Data for processing:
::::::::::
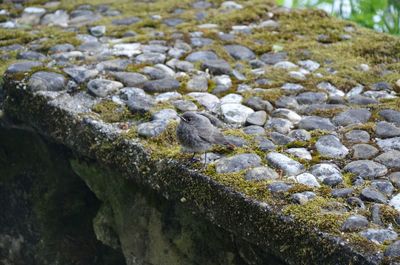 Close-up of crocodile in water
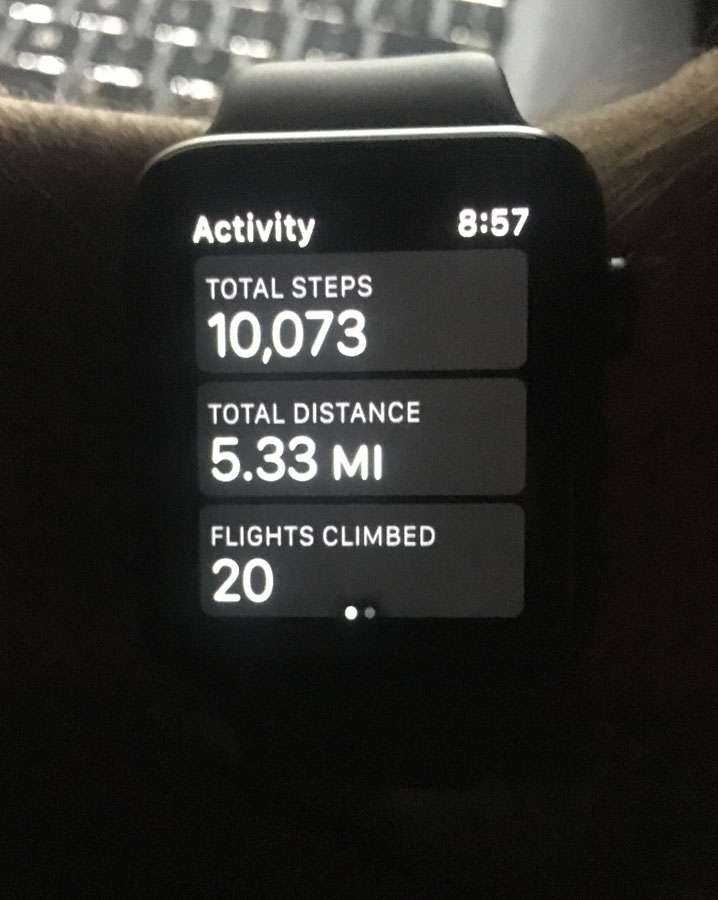 flights climbed apple watch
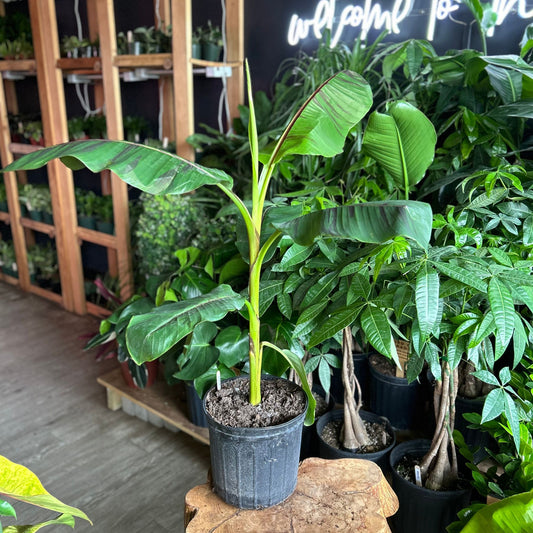 Musa Ever Red 10"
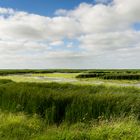 Vogelschutzgebiet bei Schillig, Südnordsee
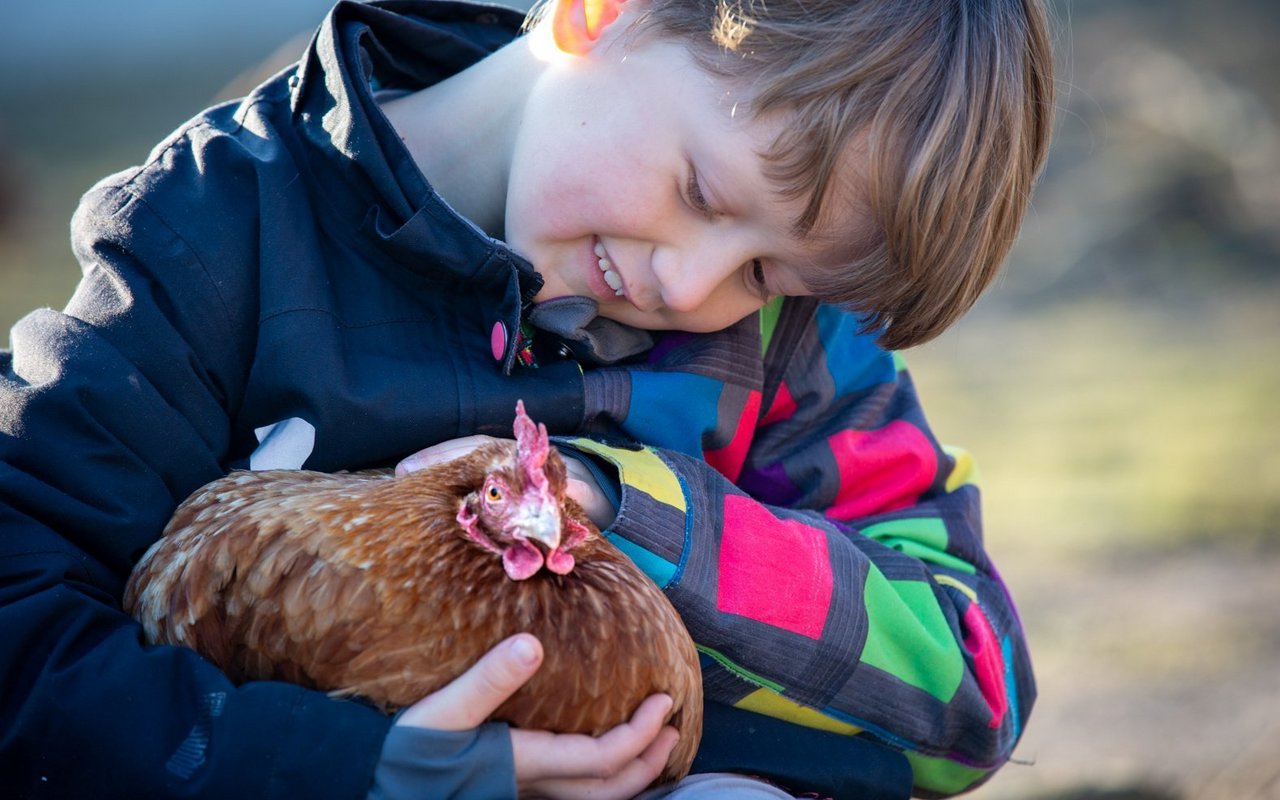 ... als auch an Schülerinnen und Schüler gerichtet.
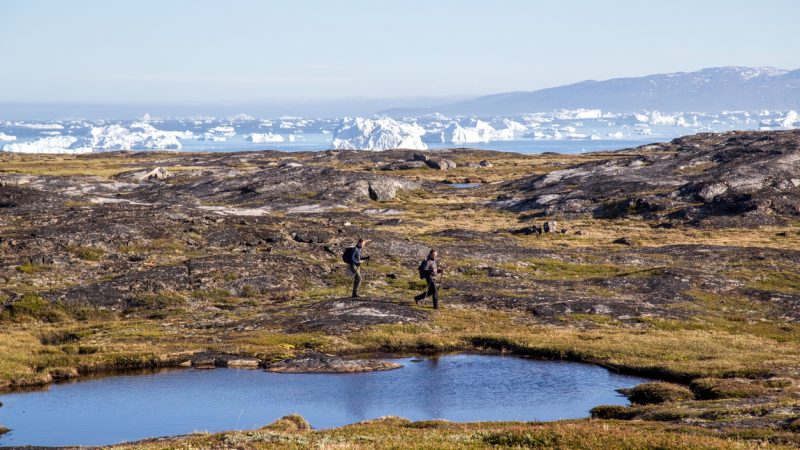 Grönland empört über Trumps Kaufabsicht: „Das muss ein Aprilscherz sein“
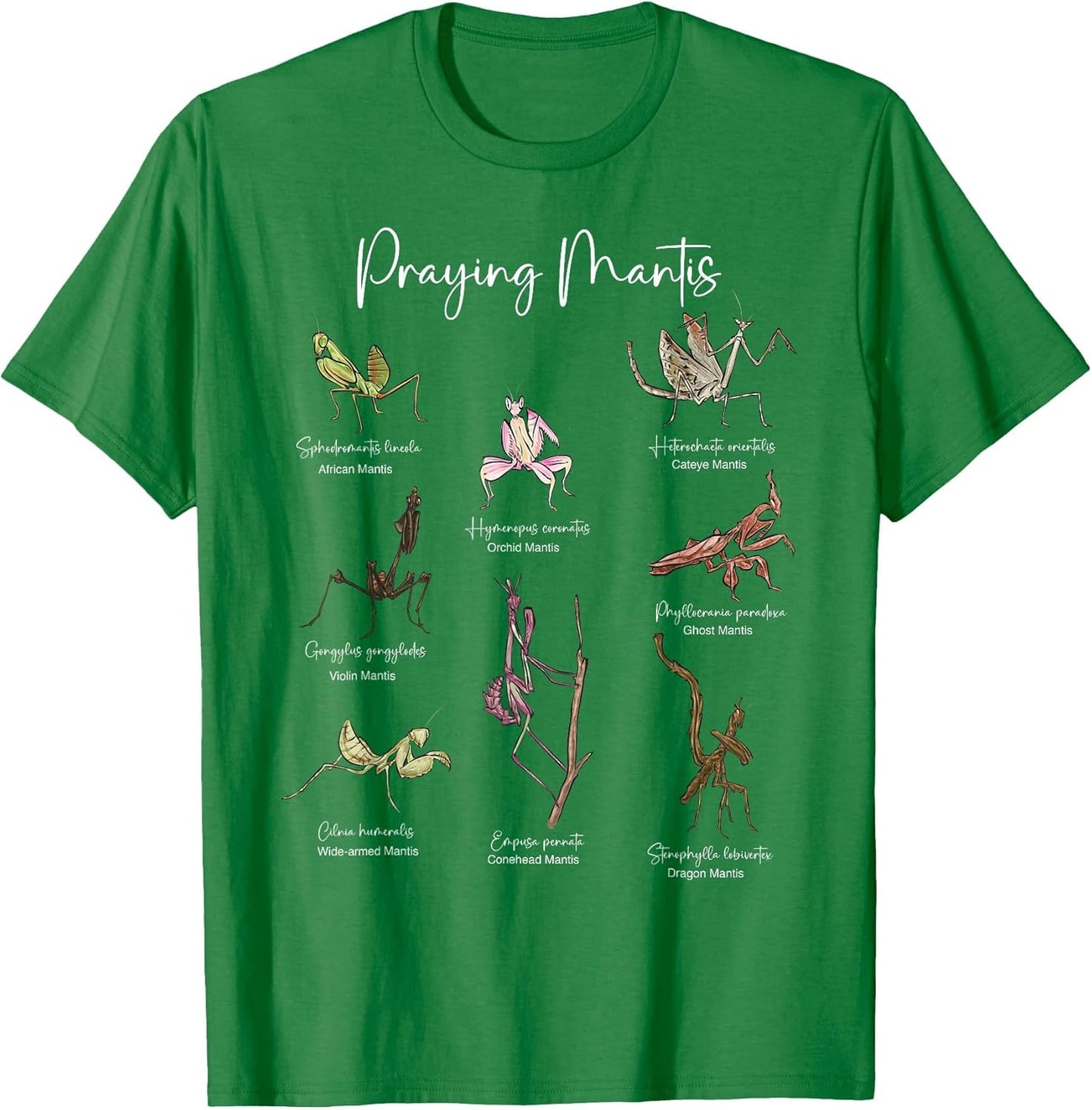 Types of Praying Mantis Insect Collector Entomologist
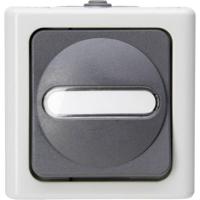 Kopp 560756009 BlueElectric Compleet Kruisschakelaar spatwaterdicht Grijs 1 stuks 1 stuk(s) - thumbnail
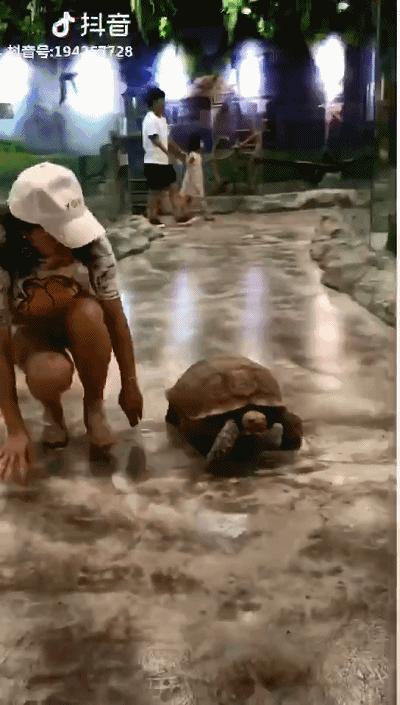 重庆小熊猫互动的动物园,重庆动物园有小熊猫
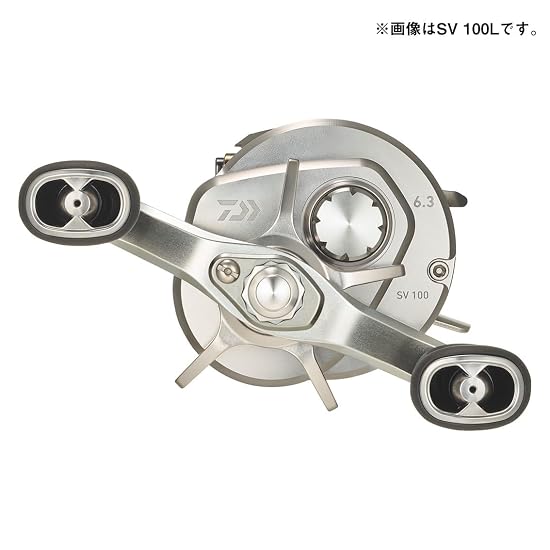 DAIWA Baitcasting Reel 26RYOGA SV 100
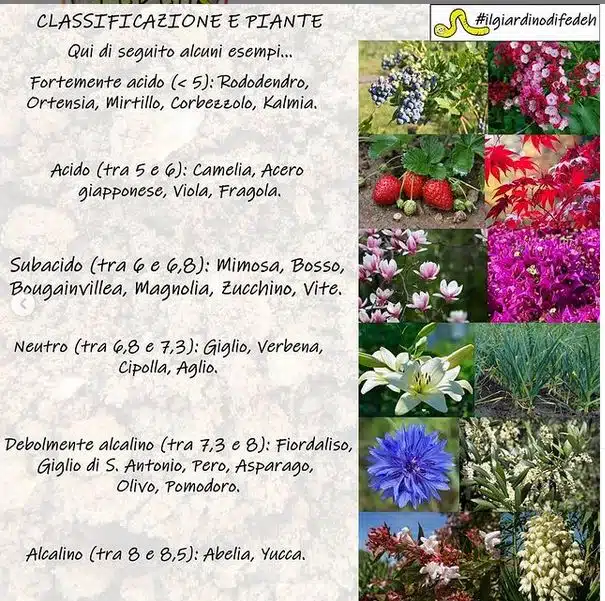 Tipo di terreno e cosa coltivare - piante per tipi di terreno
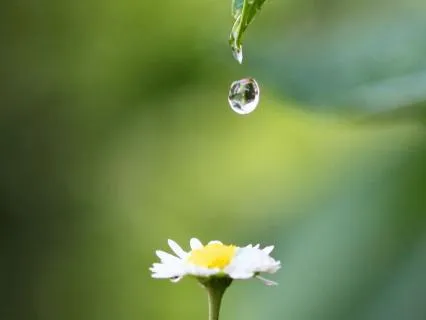 4-Minute Mindfulness Practice - Be Present Anywhere
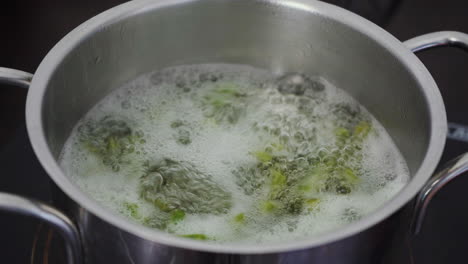 Mexican-Cactus-cooking-in-boiling-water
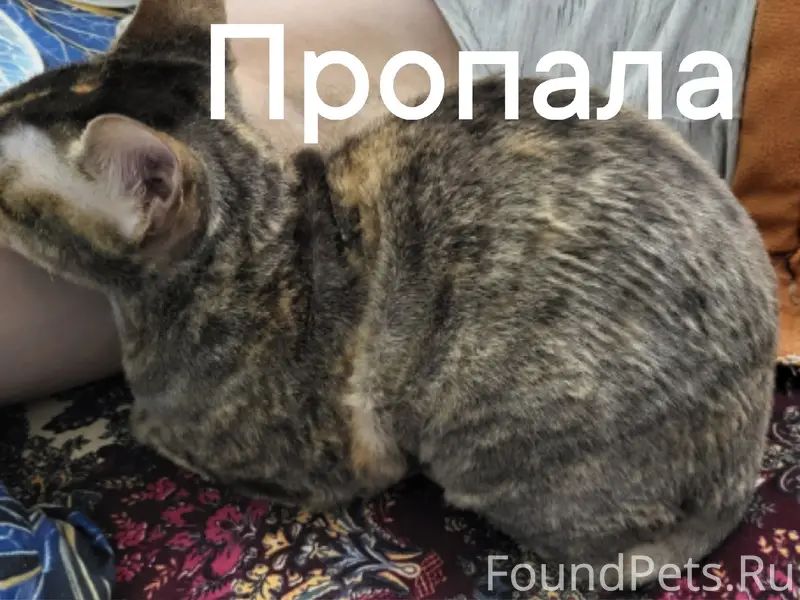 Пропала кошка Муиза, Калининский район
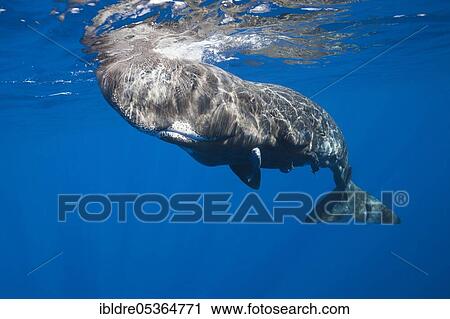 Sperm whale (Physeter macrocephalus), Tenerife, Canary Islands, Spain, Europe View Large Photo Image Stock Image - Sperm whale (Physeter macrocephalus), Tenerife, Canary Islands, Spain, Europe. Fotosearch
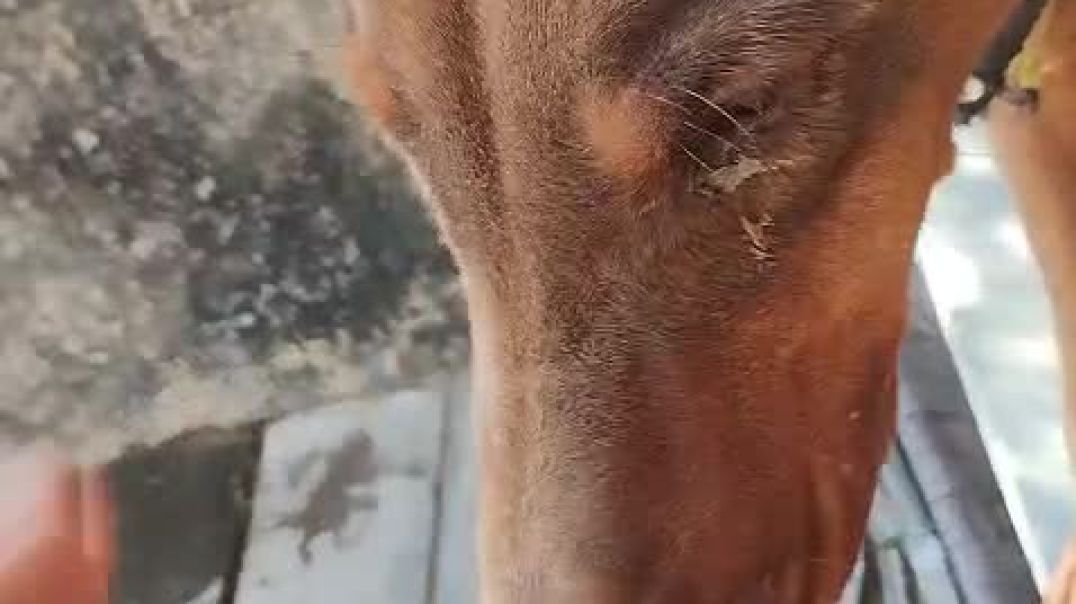 ⁣VID-20251212-WA0002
::::::::::
What you will do:
Reproduce exactly the part of the records above that begins at the line holding "Musa Ever Red" and ends at the final line, both included, leaving out the pictures.

Result:
 Musa Ever Red 10"
 Vogelschutzgebiet bei Schillig, Südnordsee
 ... als auch an Schülerinnen und Schüler gerichtet.
 Grönland empört über Trumps Kaufabsicht: „Das muss ein Aprilscherz sein“
 Types of Praying Mantis Insect Collector Entomologist
 Kopp 560756009 BlueElectric Compleet Kruisschakelaar spatwaterdicht Grijs 1 stuks 1 stuk(s) - thumbnail
 重庆小熊猫互动的动物园,重庆动物园有小熊猫
 DAIWA Baitcasting Reel 26RYOGA SV 100
 Tipo di terreno e cosa coltivare - piante per tipi di terreno
 4-Minute Mindfulness Practice - Be Present Anywhere
 Mexican-Cactus-cooking-in-boiling-water
 Пропала кошка Муиза, Калининский район
 Sperm whale (Physeter macrocephalus), Tenerife, Canary Islands, Spain, Europe View Large Photo Image Stock Image - Sperm whale (Physeter macrocephalus), Tenerife, Canary Islands, Spain, Europe. Fotosearch
 ⁣VID-20251212-WA0002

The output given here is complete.